What you should do
Begin at the line below that has "성내보건진료소 이미지". Stop after the line that has "520 Fawn Run, Alpharetta, GA 30005 - Photo 4", repeating each line exactly and leaving out the pictures.

Information shown
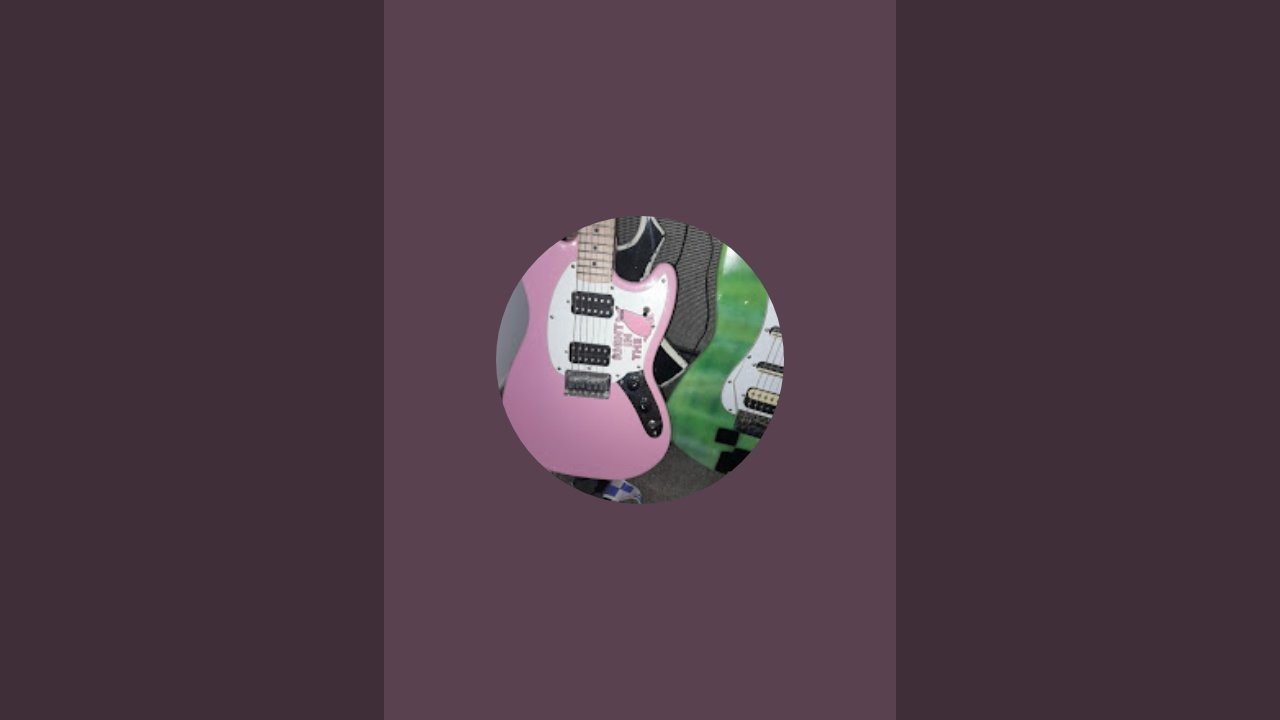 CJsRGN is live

==

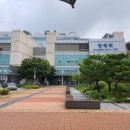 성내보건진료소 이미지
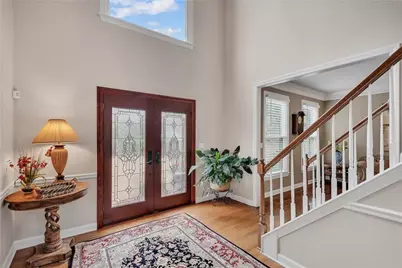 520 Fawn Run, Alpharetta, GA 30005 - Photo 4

...

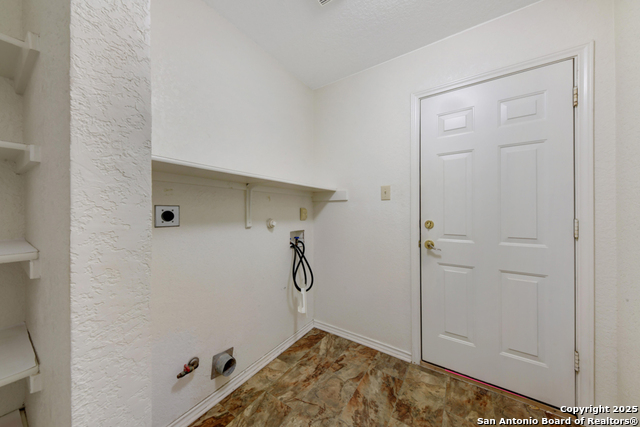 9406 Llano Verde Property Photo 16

Response area
 성내보건진료소 이미지
 520 Fawn Run, Alpharetta, GA 30005 - Photo 4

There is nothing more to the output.